◆ **Records for the task**:
-------------------------

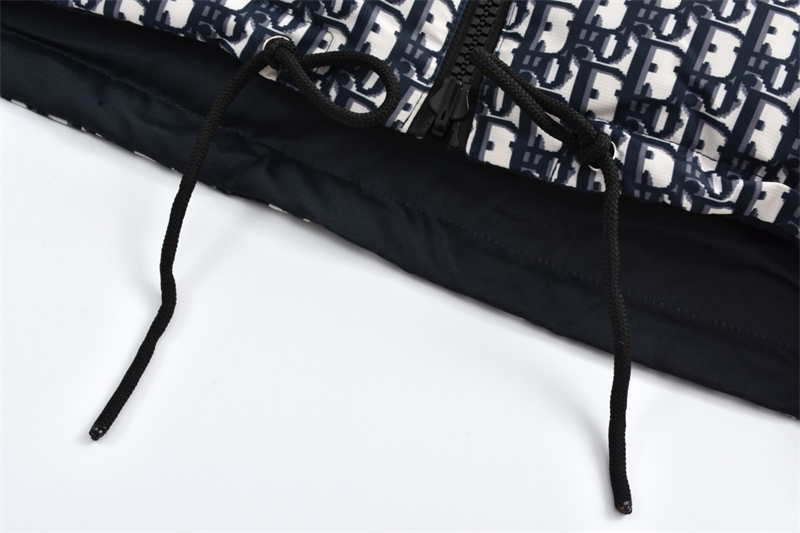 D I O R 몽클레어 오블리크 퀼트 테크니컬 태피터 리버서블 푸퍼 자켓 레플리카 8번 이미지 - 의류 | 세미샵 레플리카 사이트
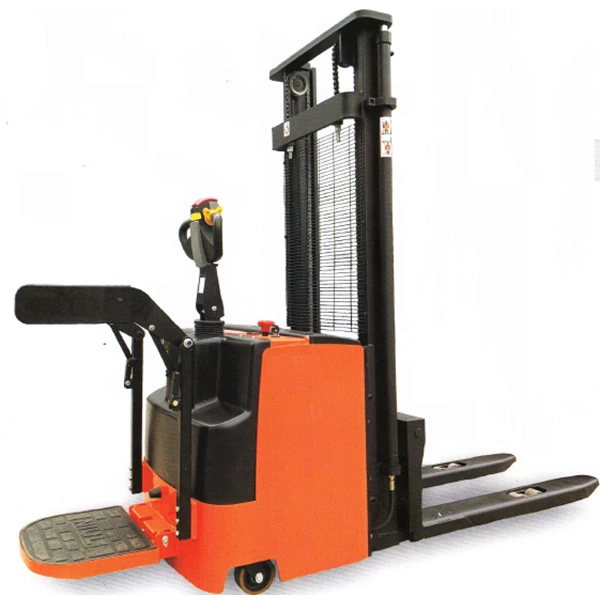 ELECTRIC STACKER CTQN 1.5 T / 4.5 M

-------------------------

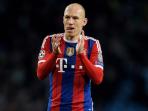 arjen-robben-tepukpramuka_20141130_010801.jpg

-------------------------

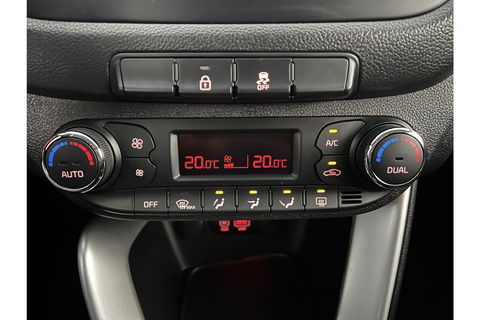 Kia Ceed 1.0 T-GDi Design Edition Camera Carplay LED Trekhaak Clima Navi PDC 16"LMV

-------------------------

◆ **The problem**: Go back to the lines above and output, exactly as they stand, the ones from the line containing "D I O R 몽클레어" to the line containing "ELECTRIC STACKER CTQN 1.5 T / 4.5 M". Leave all pictures behind.

◆ **The completed task**:
 D I O R 몽클레어 오블리크 퀼트 테크니컬 태피터 리버서블 푸퍼 자켓 레플리카 8번 이미지 - 의류 | 세미샵 레플리카 사이트
 ELECTRIC STACKER CTQN 1.5 T / 4.5 M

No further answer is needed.